La Jornada
Luego de que la Secretaría de Marina (Semar) confirmó la muerte del presunto líder de Los Zetas, Heriberto Lazcano, El Lazca, supuestamente abatido por elementos de la Armada el pasado domingo en Progreso, Coahuila, el procurador general de Justicia de esa entidad, Homero Ramos, informó que el cuerpo del presunto narcotraficante había sido sustraído de una funeraria en la ciudad de Sabinas por un grupo armado. Por su parte, el titular del Ejecutivo federal, Felipe Calderón Hinojosa, exaltó la labor de la Semar durante el referido operativo, y se congratuló por el hecho de que, durante su gobierno, "el Estado mexicano ha neutralizado a 25 de los 37 criminales más buscados".
El beneplácito del mandatario ante algo que en estricto sentido es un homicidio –independientemente de que la víctima sea un presunto delincuente presentado por las autoridades como sumamente peligroso y violento– resulta deplorable no sólo desde el punto de vista ético y político: tal actitud muestra el talante de una estrategia de combate a la delincuencia que parece preferir la eliminación física de los presuntos delincuentes que su presentación ante los tribunales correspondientes; que desacredita, en consecuencia, los mecanismos legales de procuración e impartición de justicia, y que exhibe el envilecimiento experimentado por la institucionalidad en el contexto de la actual estrategia de seguridad pública y combate a la delincuencia.
Más allá del deterioro referido y de los despropósitos discursivos, resultan alarmantes la opacidad y el desaseo con que se ha manejado la información oficial en torno al supuesto abatimiento del presunto narcotraficante. Resulta poco comprensible, por decir lo menos, que el operativo para capturar a Lazcano –uno de los dos capos más importantes del país, según las propias autoridades– haya concluido con la entrega inmediata de su cadáver al gobierno de Coahuila –para colmo, sin haber realizado análisis periciales y forenses exhaustivos– y con el posterior hurto del cuerpo por un comando armado.
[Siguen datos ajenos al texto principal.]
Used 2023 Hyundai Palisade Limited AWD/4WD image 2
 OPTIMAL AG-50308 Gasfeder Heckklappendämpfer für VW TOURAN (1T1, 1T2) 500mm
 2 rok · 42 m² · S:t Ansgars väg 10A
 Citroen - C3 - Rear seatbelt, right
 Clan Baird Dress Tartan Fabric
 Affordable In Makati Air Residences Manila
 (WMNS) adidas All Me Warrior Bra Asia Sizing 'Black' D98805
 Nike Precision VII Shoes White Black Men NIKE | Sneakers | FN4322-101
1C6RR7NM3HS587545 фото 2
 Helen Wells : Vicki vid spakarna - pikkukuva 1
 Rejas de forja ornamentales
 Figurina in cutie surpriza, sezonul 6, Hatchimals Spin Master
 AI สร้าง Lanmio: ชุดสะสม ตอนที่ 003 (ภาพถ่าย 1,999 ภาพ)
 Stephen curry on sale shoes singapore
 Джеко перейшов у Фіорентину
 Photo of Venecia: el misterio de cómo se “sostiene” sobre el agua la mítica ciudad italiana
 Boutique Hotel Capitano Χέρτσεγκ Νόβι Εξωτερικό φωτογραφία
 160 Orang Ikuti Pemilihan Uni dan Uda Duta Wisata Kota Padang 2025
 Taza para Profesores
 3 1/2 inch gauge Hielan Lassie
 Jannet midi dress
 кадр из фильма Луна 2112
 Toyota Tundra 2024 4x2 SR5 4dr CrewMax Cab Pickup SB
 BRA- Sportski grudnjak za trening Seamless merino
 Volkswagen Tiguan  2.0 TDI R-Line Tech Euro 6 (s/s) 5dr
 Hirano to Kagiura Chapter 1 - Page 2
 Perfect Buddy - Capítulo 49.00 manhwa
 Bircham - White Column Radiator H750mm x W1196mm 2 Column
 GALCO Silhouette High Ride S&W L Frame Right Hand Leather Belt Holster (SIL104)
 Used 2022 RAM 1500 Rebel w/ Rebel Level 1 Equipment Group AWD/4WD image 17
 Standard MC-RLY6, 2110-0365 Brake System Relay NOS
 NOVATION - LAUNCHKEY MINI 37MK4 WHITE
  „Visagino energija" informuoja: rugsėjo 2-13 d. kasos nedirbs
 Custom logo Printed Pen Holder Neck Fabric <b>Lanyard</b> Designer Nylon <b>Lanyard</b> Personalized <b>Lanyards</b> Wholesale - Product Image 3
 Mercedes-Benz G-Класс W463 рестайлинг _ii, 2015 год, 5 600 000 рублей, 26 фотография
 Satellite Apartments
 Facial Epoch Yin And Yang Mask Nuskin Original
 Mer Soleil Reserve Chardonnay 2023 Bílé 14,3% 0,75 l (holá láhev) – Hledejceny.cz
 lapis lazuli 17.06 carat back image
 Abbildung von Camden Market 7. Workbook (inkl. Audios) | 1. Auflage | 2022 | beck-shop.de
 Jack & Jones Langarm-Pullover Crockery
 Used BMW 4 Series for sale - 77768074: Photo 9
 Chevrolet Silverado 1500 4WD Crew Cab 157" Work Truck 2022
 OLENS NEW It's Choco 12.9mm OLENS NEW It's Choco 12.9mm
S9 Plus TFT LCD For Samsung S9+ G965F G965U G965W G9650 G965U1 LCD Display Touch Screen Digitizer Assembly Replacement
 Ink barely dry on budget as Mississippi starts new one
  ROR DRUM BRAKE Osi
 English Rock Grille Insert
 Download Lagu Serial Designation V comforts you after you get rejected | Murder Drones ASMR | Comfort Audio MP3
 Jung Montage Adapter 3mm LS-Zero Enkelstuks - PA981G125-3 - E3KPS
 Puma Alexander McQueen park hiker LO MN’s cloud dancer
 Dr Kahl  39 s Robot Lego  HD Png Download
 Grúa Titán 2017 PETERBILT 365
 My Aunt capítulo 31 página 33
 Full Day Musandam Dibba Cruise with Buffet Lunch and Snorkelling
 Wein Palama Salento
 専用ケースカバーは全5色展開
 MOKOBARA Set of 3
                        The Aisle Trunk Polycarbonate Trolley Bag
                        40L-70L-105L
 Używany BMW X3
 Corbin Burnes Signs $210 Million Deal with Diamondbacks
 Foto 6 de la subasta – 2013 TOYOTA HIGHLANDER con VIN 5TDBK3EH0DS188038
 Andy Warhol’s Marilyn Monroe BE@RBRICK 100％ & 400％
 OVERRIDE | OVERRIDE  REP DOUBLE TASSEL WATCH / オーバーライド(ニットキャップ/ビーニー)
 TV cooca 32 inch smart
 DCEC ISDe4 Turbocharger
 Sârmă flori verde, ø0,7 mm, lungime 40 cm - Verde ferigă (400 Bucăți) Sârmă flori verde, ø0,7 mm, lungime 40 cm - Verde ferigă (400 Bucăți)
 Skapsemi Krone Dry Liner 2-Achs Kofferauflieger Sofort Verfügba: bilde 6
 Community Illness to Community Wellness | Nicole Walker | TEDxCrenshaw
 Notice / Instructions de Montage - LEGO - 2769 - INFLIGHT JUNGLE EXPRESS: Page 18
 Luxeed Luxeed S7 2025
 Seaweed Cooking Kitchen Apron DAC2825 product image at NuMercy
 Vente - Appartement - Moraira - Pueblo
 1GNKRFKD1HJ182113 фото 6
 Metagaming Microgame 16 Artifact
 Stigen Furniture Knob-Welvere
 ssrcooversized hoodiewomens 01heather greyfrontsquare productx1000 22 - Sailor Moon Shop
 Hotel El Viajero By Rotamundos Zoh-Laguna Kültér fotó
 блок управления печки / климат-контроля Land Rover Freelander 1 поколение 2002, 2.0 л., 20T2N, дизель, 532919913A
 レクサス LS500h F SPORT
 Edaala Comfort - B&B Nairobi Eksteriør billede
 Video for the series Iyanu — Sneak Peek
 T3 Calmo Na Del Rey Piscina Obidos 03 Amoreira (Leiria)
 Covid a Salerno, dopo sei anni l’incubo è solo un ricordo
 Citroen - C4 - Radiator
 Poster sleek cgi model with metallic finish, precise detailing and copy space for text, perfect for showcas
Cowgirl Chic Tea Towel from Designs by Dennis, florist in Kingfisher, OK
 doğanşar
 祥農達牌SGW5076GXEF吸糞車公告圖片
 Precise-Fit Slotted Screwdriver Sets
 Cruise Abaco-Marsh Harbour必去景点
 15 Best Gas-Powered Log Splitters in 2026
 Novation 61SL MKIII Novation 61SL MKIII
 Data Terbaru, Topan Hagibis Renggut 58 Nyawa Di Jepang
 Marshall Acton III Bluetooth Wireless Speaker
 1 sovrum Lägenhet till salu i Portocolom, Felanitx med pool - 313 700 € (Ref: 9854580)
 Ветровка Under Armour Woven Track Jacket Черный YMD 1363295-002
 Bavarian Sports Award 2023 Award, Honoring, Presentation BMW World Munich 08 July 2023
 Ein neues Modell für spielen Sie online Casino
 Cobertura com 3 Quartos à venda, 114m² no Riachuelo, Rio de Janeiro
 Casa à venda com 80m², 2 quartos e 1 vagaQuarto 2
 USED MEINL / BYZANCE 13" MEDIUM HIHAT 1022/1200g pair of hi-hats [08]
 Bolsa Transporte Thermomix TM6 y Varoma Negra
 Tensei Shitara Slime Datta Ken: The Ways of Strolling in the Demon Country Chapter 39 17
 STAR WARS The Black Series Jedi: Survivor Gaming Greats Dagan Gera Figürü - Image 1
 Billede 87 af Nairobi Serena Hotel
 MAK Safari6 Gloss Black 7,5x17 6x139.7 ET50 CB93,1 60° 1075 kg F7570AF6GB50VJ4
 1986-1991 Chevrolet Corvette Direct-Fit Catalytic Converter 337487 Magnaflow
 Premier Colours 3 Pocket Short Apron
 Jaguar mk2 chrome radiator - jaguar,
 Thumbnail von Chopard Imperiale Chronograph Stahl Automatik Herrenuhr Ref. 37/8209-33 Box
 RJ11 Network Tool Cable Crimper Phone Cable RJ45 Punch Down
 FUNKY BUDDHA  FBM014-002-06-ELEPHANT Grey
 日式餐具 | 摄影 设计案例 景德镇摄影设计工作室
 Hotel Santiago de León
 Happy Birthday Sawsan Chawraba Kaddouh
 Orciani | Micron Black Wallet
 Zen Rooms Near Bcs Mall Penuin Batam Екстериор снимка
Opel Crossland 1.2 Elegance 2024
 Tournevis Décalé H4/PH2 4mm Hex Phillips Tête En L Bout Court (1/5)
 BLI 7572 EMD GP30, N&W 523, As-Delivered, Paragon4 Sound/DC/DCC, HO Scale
A lo anterior deben añadirse las contradicciones existentes entre las informaciones manejadas por la DEA y la Semar sobre datos tan elementales como la estatura de El Lazca y su fecha de nacimiento, así como la incertidumbre que privó ayer, durante varias horas, en torno a las causas de la "desaparición" del cadáver del presunto narcotraficante.
Tales inconsistencias resultan preocupantes por partida doble: porque al restar verosimilitud a la versión oficial, provocan que cualquier otra resulte creíble a ojos de la opinión pública, lo cual es sumamente peligroso, y porque alimenta las suspicacias de que en el operativo efectuado por la Marina el pasado domingo pudieron haberse cometido irregularidades graves a la legalidad y a la observancia de los derechos humanos.
Lo evanescente de los datos presentados por la autoridad en el caso, obliga a recordar el atropello cometido en junio pasado por el gobierno federal contra dos jóvenes residentes en Zapopan, Jalisco, uno de los cuales fue falsamente señalado como hijo del narcotraficante Joaquín Guzmán Loera, El Chapo, y cuya captura fue ruidosamente celebrada, en los primeros momentos, por la administración de Felipe Calderón. La ligereza con que se actuó en ambos episodios lleva a preguntarse si el gobierno no está partiendo de la apreciación de que la credulidad social carece de límites y si con ello no está estrechando, en forma acaso irreparable, los márgenes de su propia credibilidad.